- [Listed entries]
◇ ◇ ◇ ◇ ◇ ◇ ◇
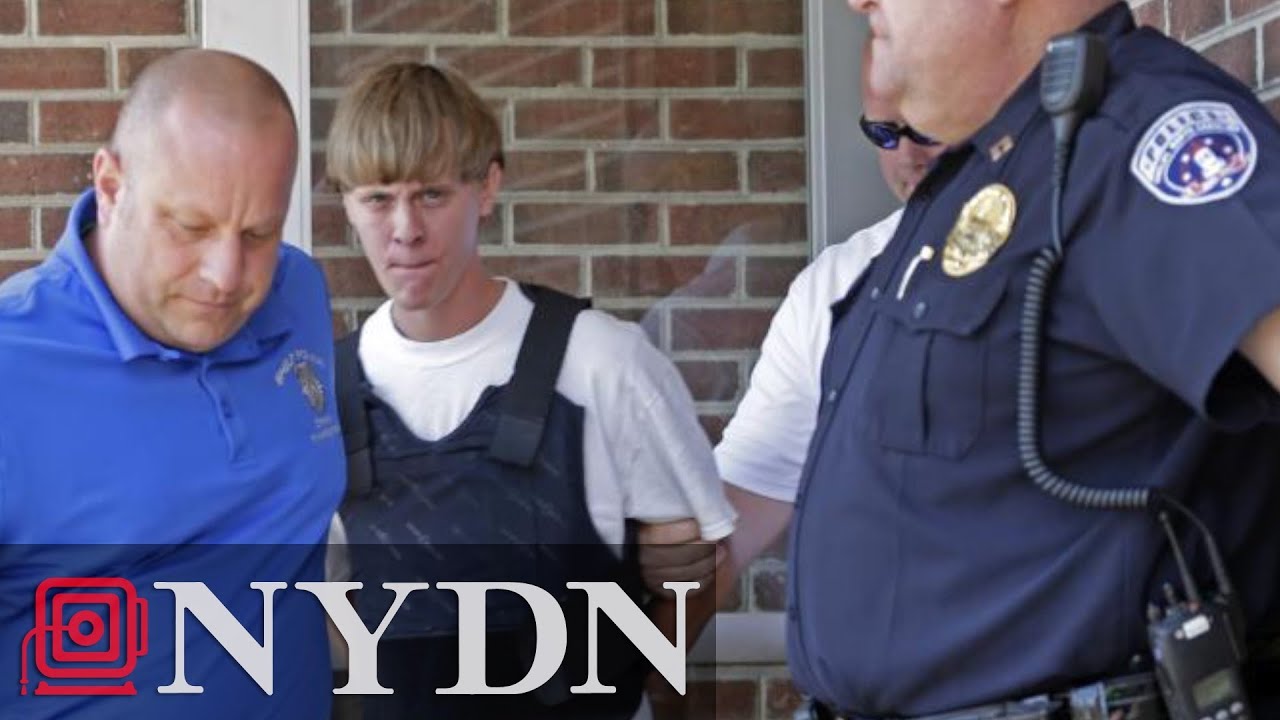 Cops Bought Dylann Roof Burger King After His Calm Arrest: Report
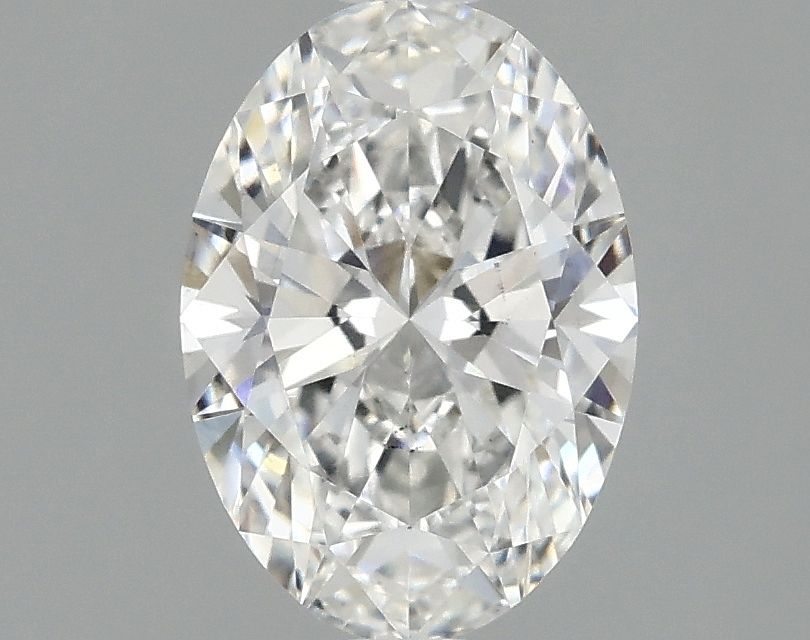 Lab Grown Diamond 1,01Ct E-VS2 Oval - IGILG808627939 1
◇ ◇ ◇ ◇ ◇ ◇ ◇
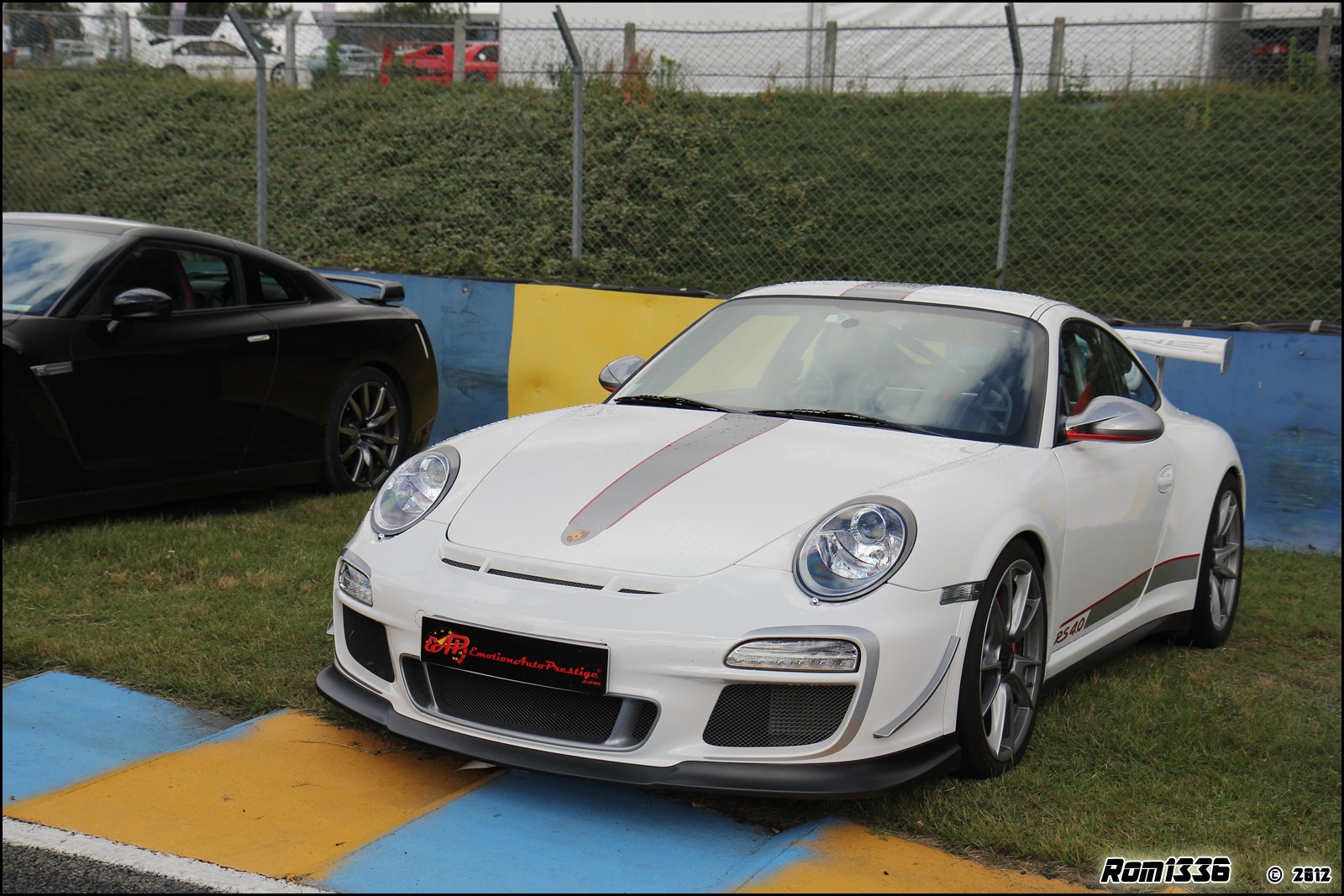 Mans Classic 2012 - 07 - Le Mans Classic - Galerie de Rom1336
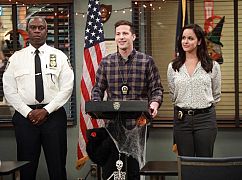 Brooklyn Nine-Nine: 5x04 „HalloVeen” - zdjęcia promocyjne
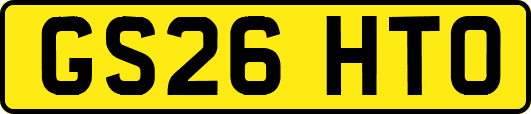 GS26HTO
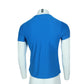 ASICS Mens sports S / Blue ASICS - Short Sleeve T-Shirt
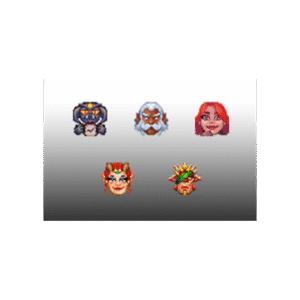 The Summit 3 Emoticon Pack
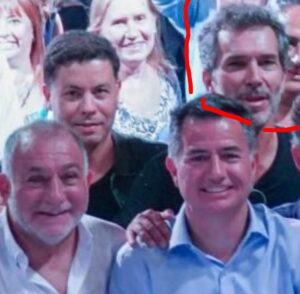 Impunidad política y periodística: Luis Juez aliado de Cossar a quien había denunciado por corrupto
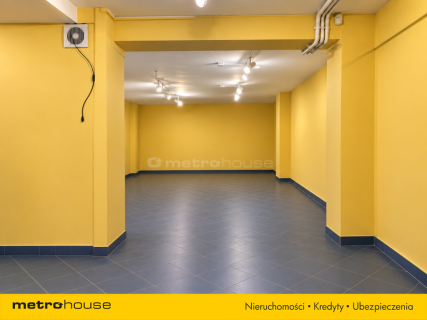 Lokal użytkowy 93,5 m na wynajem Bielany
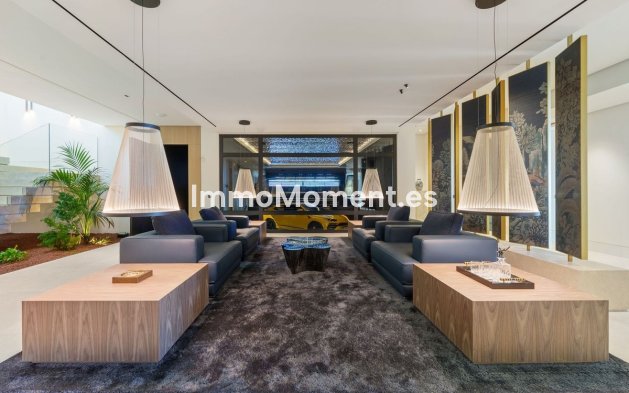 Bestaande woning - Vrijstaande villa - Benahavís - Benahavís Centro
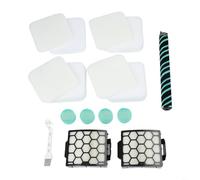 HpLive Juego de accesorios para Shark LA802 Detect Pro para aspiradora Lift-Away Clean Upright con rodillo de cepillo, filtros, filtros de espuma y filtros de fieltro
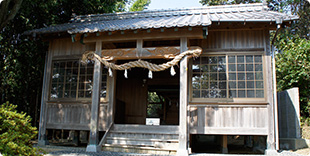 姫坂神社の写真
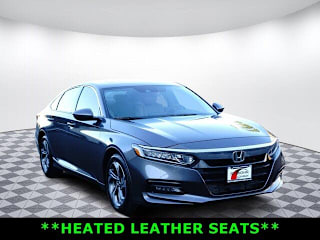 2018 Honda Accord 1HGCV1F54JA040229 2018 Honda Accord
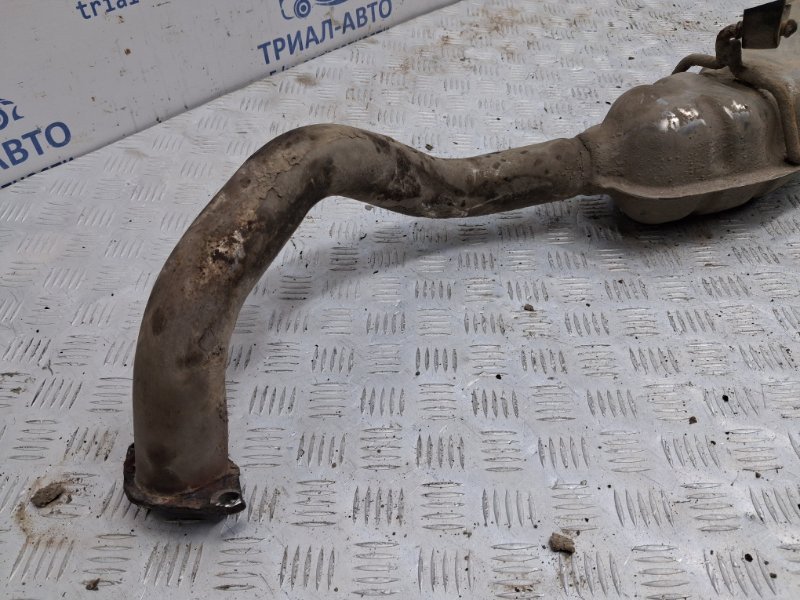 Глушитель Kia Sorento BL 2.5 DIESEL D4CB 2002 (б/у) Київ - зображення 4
◇ ◇ ◇ ◇ ◇ ◇ ◇
- [Action item] Pictures aside, print exactly the lines above starting with the one containing "Brooklyn Nine-Nine: 5x04" and going on through the one containing "Lokal użytkowy 93,5 m na wynajem Bielany".

- [Solution below]
 Brooklyn Nine-Nine: 5x04 „HalloVeen” - zdjęcia promocyjne
 GS26HTO
 ASICS Mens sports S / Blue ASICS - Short Sleeve T-Shirt
 The Summit 3 Emoticon Pack
 Impunidad política y periodística: Luis Juez aliado de Cossar a quien había denunciado por corrupto
 Lokal użytkowy 93,5 m na wynajem Bielany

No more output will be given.